(THE DATA)

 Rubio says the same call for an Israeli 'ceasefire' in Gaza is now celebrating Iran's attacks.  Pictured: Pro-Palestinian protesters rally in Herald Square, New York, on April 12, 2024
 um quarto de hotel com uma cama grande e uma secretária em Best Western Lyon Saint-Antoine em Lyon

(End THE DATA)
(THE DATA)

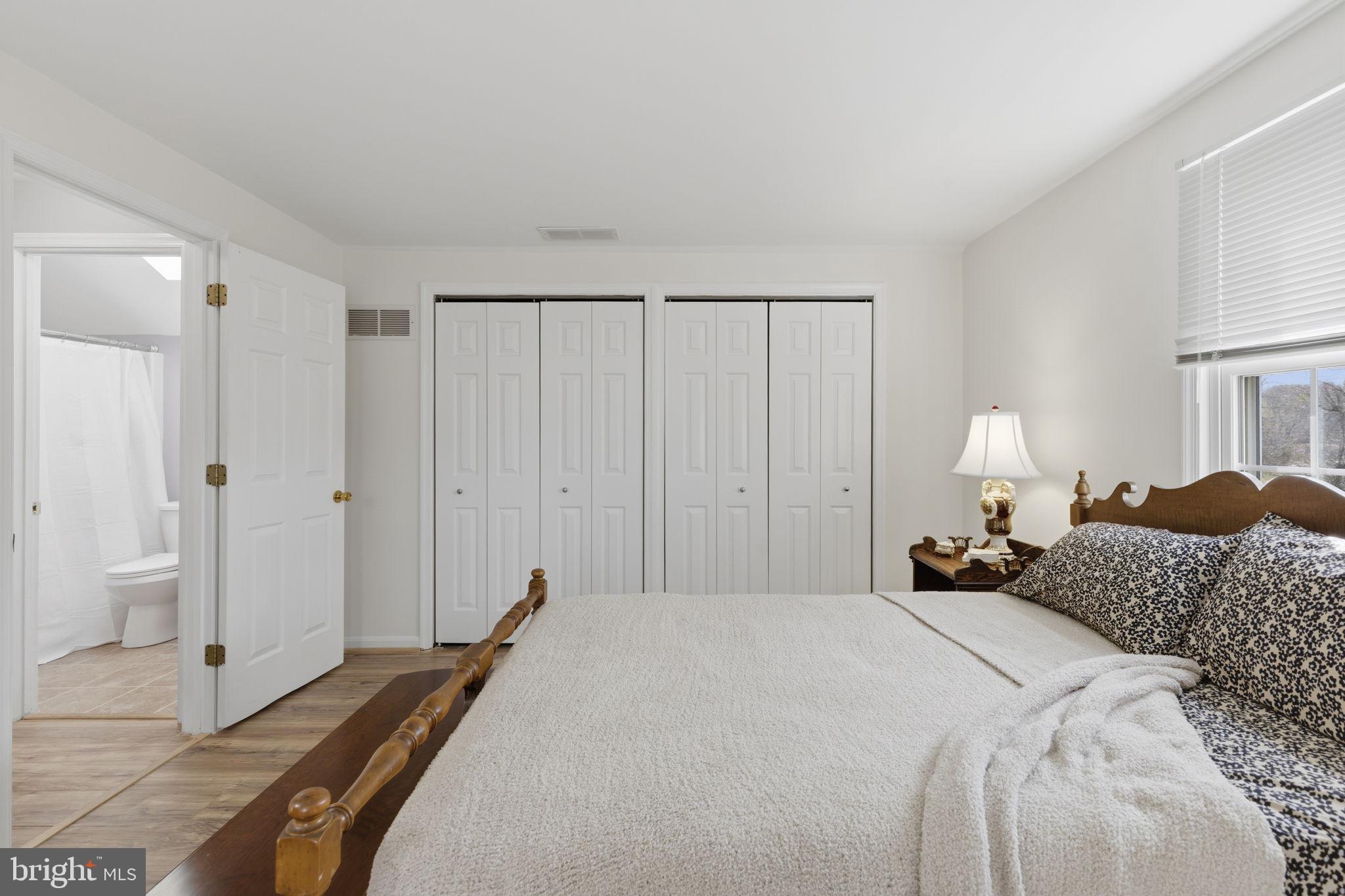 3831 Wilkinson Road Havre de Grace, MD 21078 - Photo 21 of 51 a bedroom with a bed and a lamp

(End THE DATA)
(THE DATA)

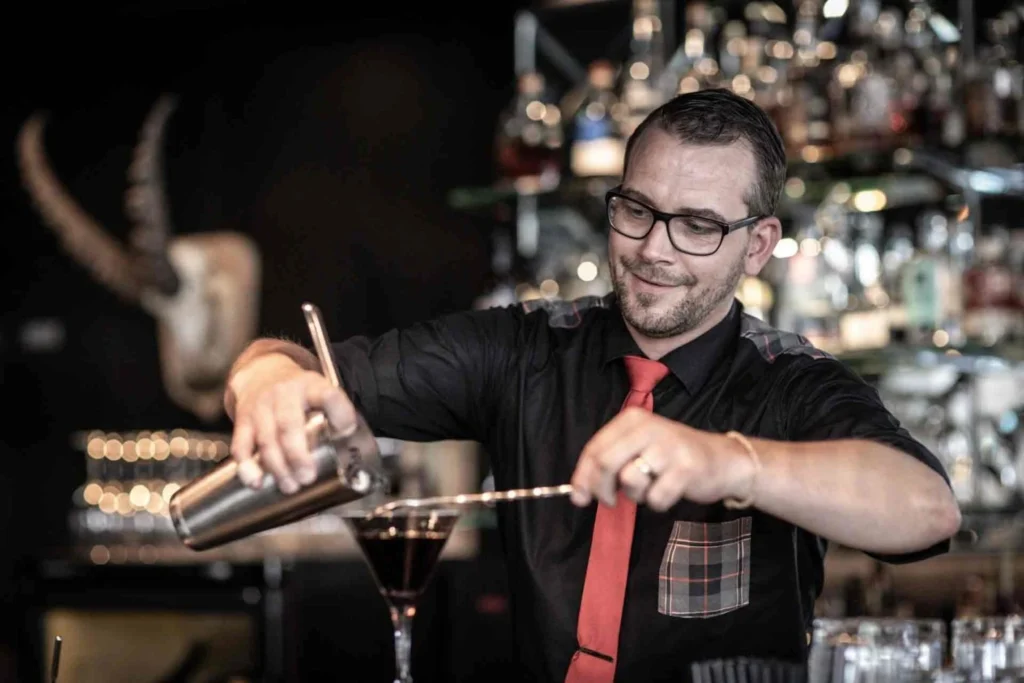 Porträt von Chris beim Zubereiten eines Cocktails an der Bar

(End THE DATA)

> **TASK INSTRUCTIONS**
In the data above, which lines lie between the line with "Rubio says the" and the line with "um quarto de", inclusive? Print those lines exactly and nothing else.

> **TASK ANSWER**
 Rubio says the same call for an Israeli 'ceasefire' in Gaza is now celebrating Iran's attacks.  Pictured: Pro-Palestinian protesters rally in Herald Square, New York, on April 12, 2024
 um quarto de hotel com uma cama grande e uma secretária em Best Western Lyon Saint-Antoine em Lyon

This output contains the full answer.